I agree with the Minister that the planning system is frustrating for those projects. It seems we need to get things absolutely correct before we can move ahead. I have often been of the mind that for projects such as those, which chop and change a little, we should get to a 90% level of certainty and allow them to go ahead. We have experts working across infrastructure, construction and transport planning in this country. They can make the necessary changes as we move ahead.

I recently met representatives of the NTA. They told me that one of the biggest issues we have is driver recruitment, training and retention. There are also issues with mechanics. We have a fleet that is in operation for 20 or 21 hours per day. We need good preventative maintenance schemes and good mechanics to keep the fleet reliable and providing the service the public deserve and should expect. The Minister referenced heavy rail maintenance. That is critical for reliability, journey times and the comfort of those journeys.

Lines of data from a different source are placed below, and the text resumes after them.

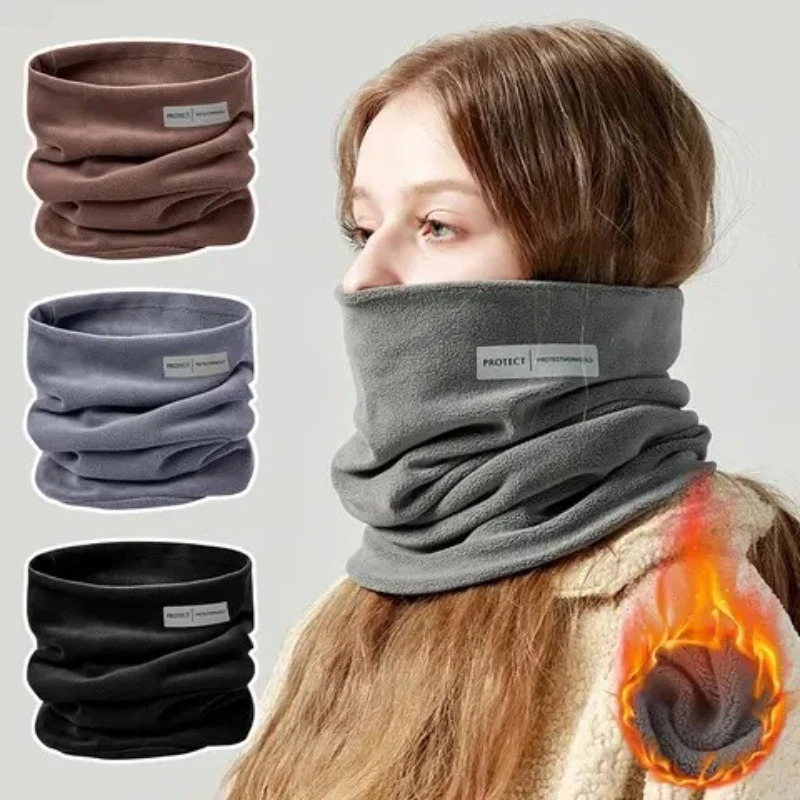 

1 шт. однотонная теплая кашемировая бандана для катания на лыжах, зимняя маска для лица и шеи для мужчин и женщин, для активного отдыха, походов, велоспорта, полумаска для лица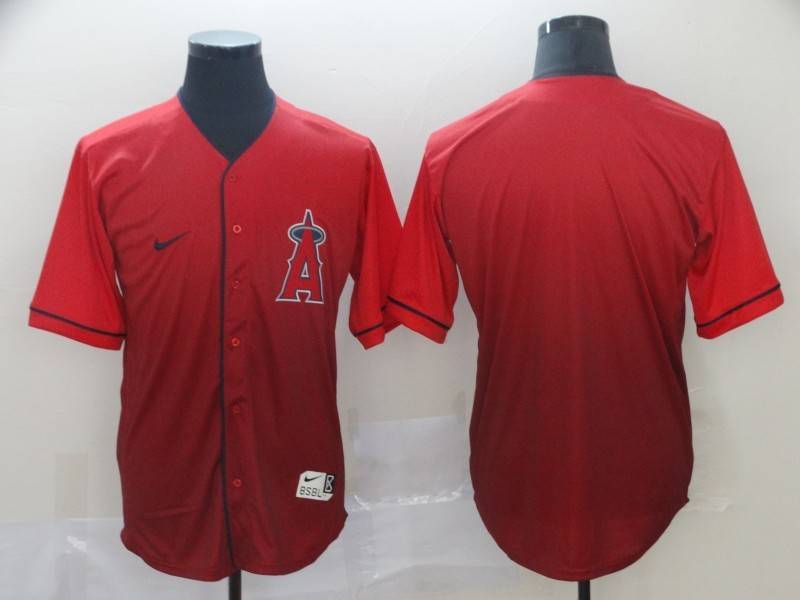 Los Angeles Angels Red Fashion MLB Jersey
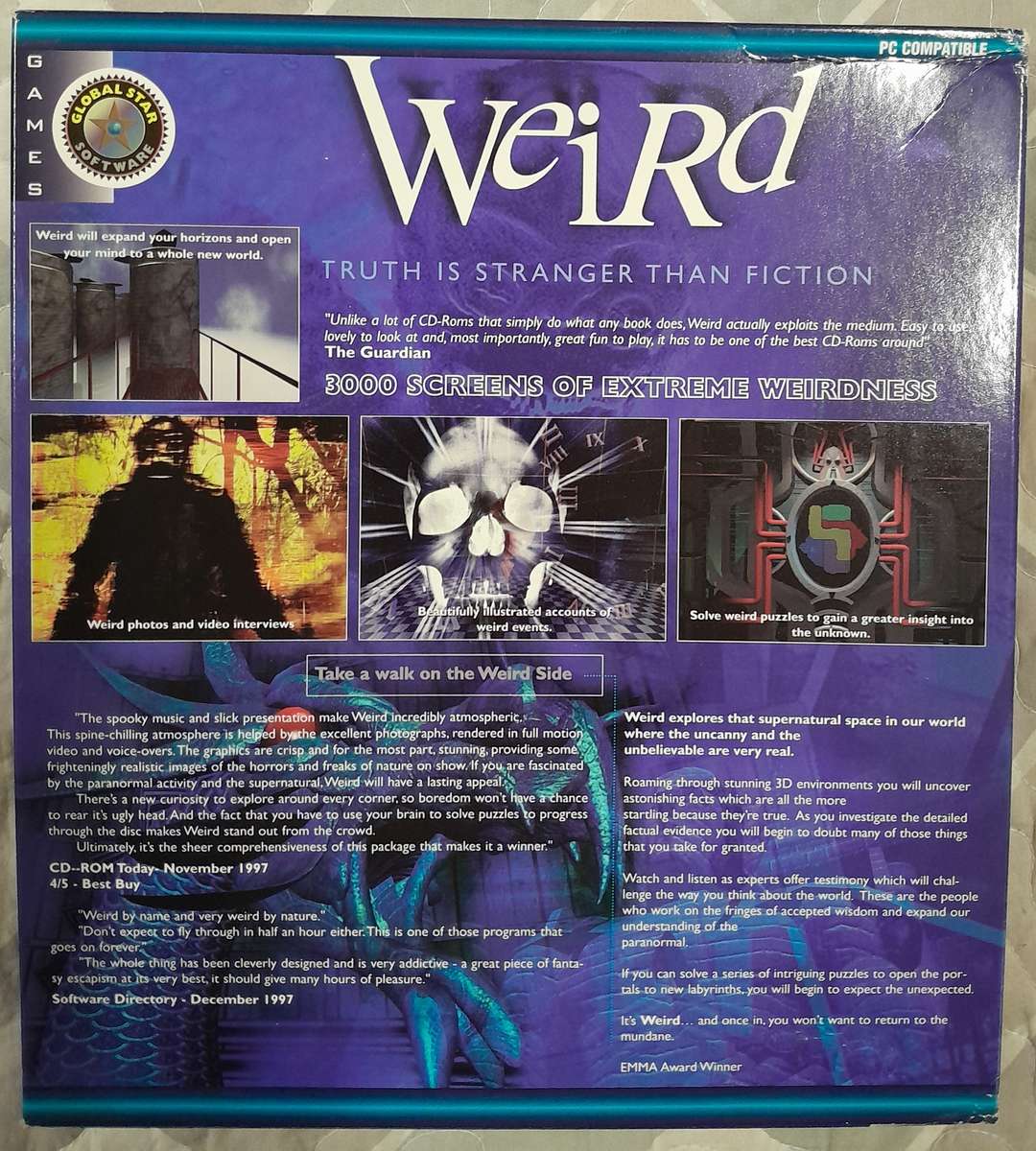 Weird - Truth Is Stranger Than Fiction - Interactive  CD-Rom PC Big Box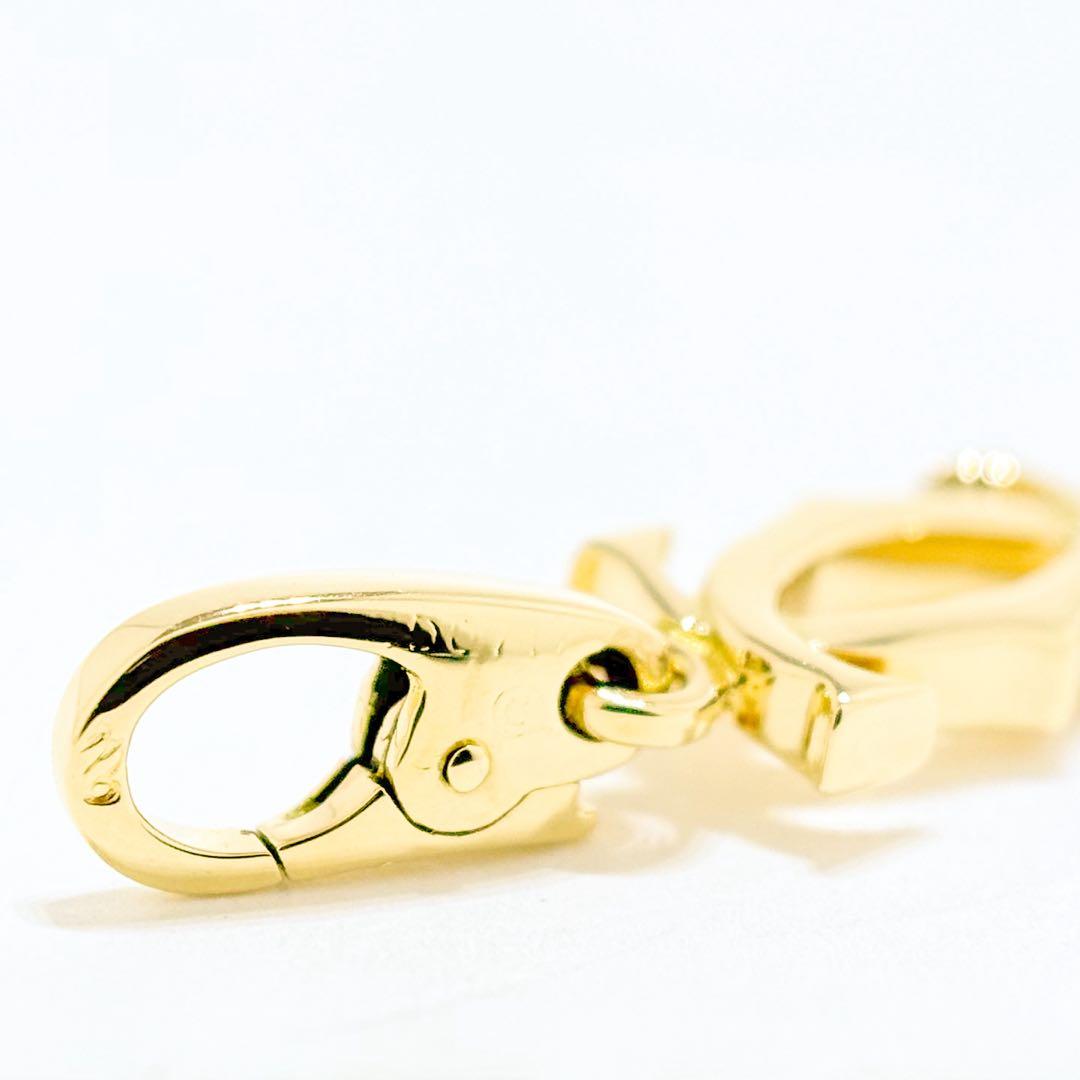 ⚪︎Cartier カルティエ 2C ロゴ チャーム YG750 K18 2.4g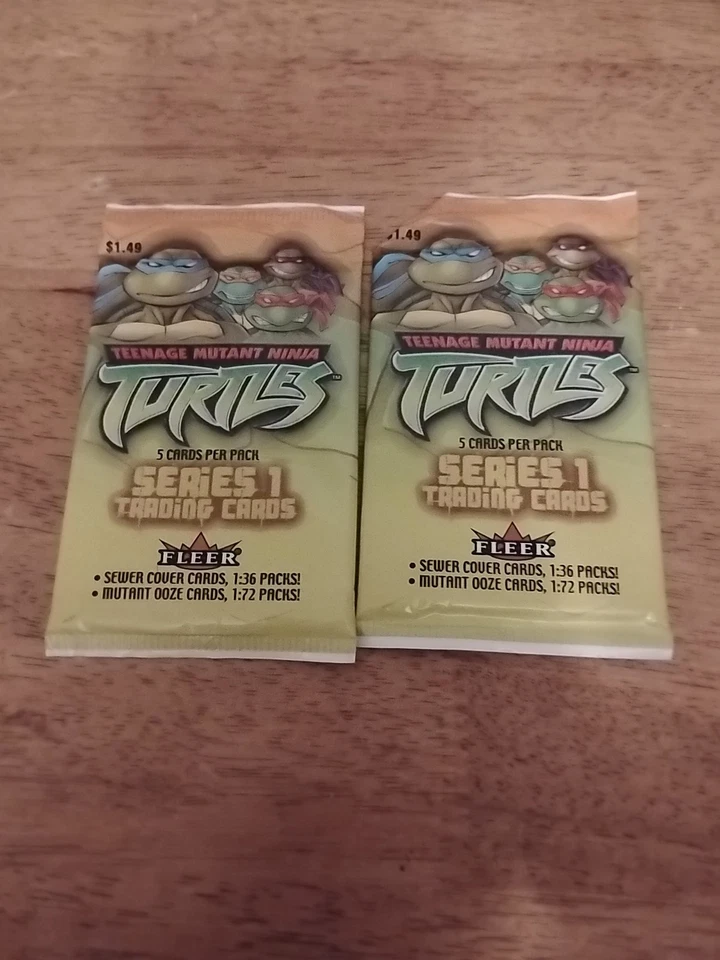 2003 Fleer TMNT Teenage Mutant Ninja Turtles Series 1 Booster Pack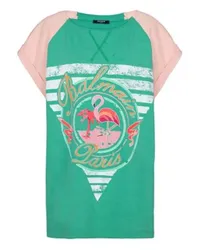 Balmain T-Shirt mit Printmotiv Balmain Flamingo Green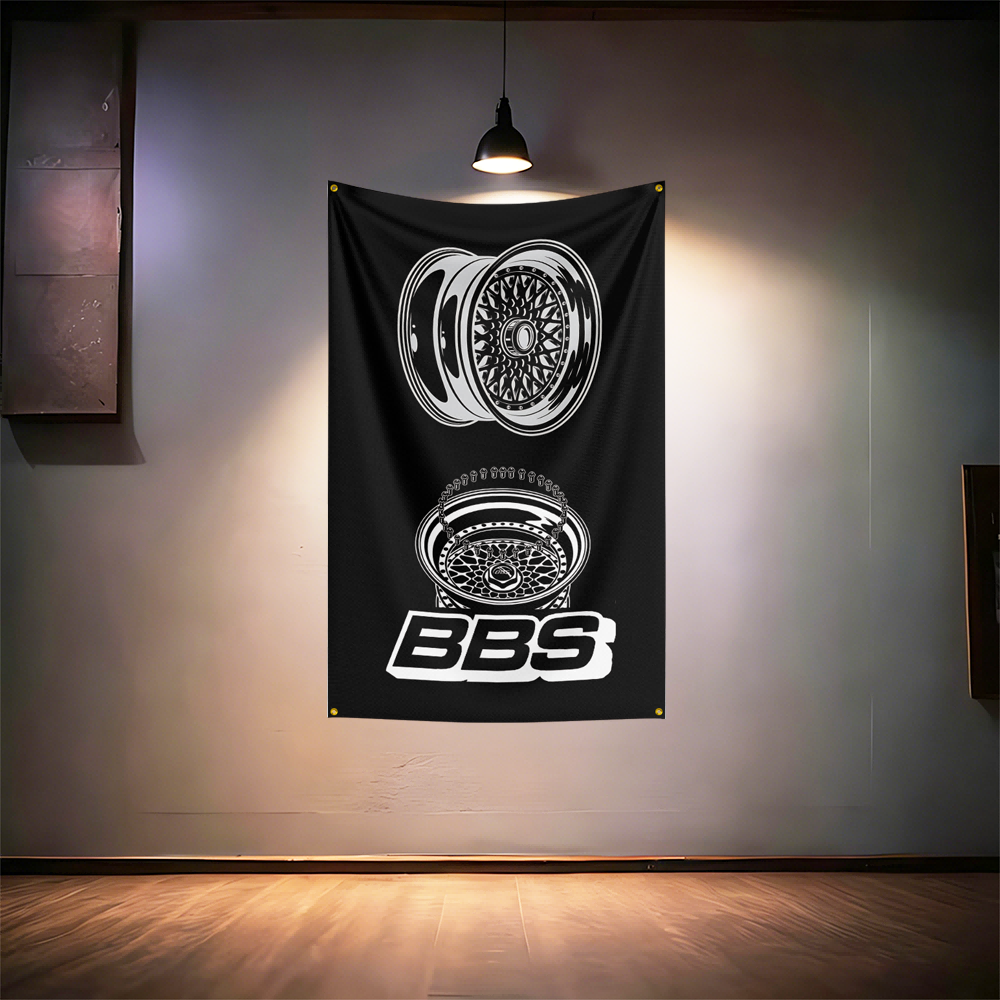B-B-Ss Wheel Fans Flag 3x5ft 9 - Auto Repair Shop Banners ulasan dan harga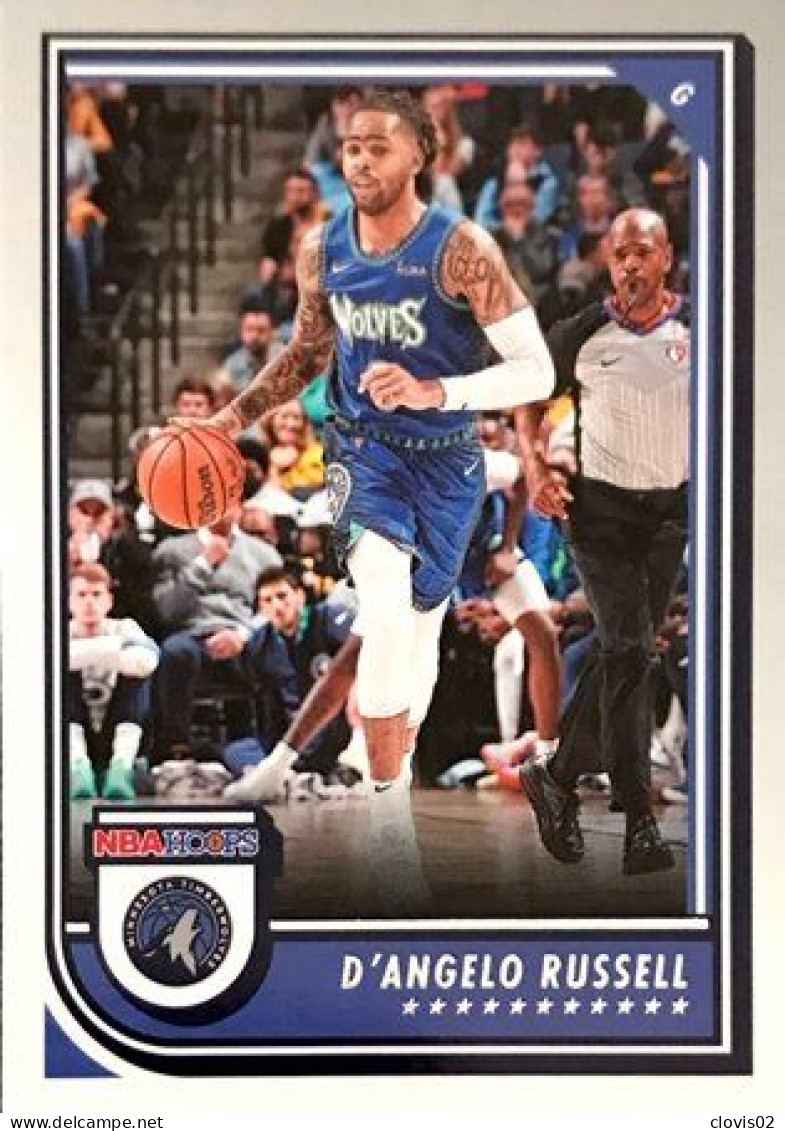 196 D'Angelo Russell - Minnesota Timberwolves - Carte Panini 2022-2023 NBA Hoops Base Cards - Andere & Zonder Classificatie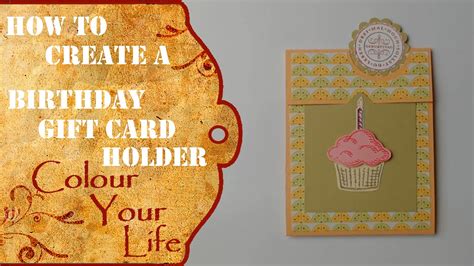create  birthday gift card holder youtube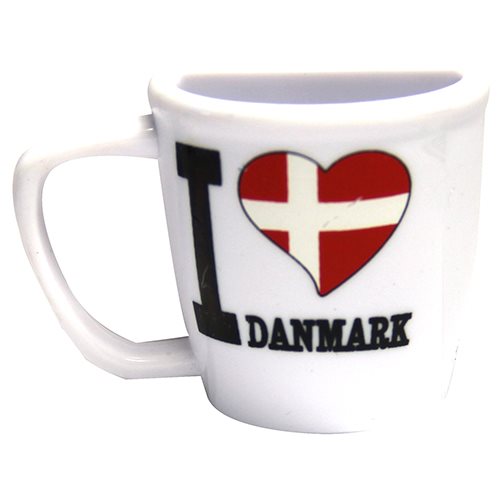 Magnet Minimugg I Hjärta Danmark, plast
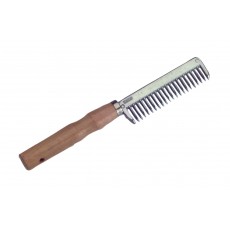 Roma Wood Handle Aluminium Pulling Comb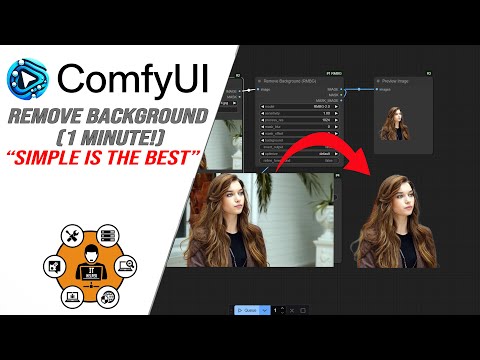 Remove Background in COMFYUI (1 Minute!) ► Easiest & High Quality Method #backgroundremove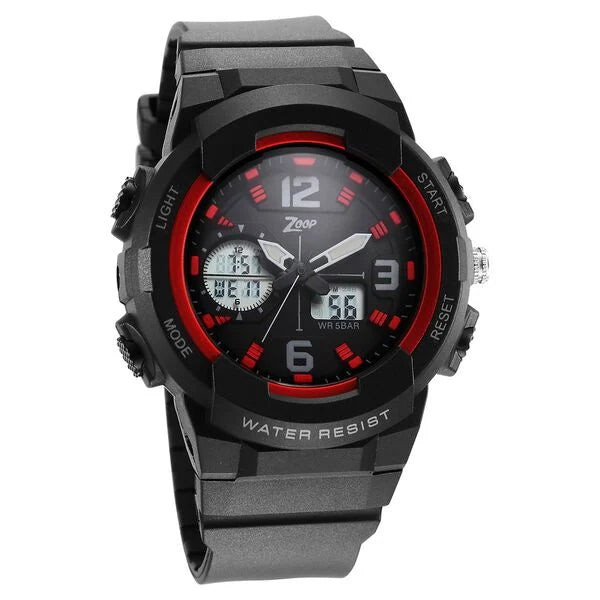 Zoop By Titan Quartz Analog Digital Black Dial Plastic Strap Watch for Kids 26026pp03w - KRISHNA WATCH COMPANY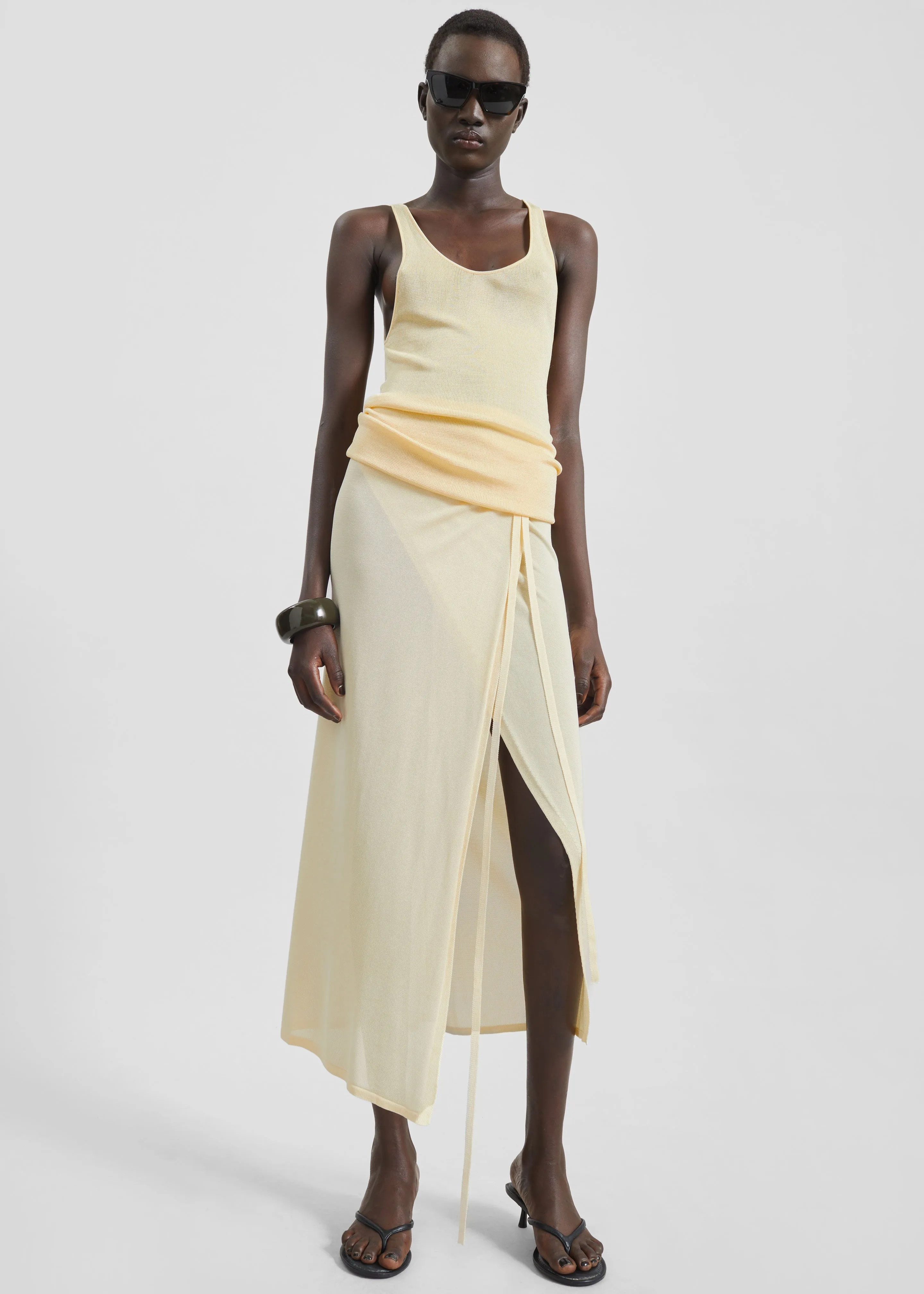 Rivo Knit Tank Top - Pale Yellow sold by Frankie Shop product image thumbnail 2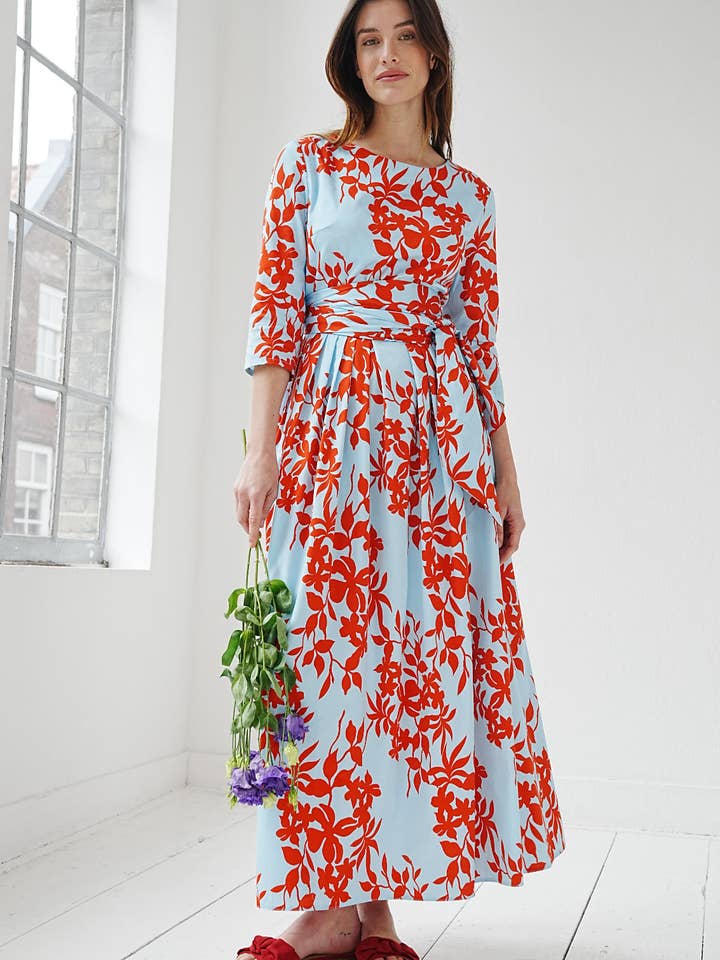 Marianna Déri GmbH – Engroshandel Kjole - Dame – maxikjole med blomsterprint1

I acknowledge the work that goes on across the Department and for active travel in our local authorities. Funding for active travel came in in the first year of this Government's term. We provided the resources for it. I can see how it would take a bit of time to get up to scale and start running and gelling, but we are now starting to see that. I hope we continue that trajectory in the coming years.

Councillors and Members of the Oireachtas have visited the Dutch Cycling Embassy, etc., and that is a model we want to replicate. I can see us delivering that over the next five to ten years. We know that transport projects are slow to deliver but they do endure. Investing in rail is investing in an asset that will last for 80 or 100 years, with minor tweaks along the way, and capacity can be improved as it is needed.

I thank the Minister for bringing forward the Estimates. I did not ask any questions but only made comments. Does the Minister wish to make any closing comments? No. I thank him and his officials for attending and engaging with the committee.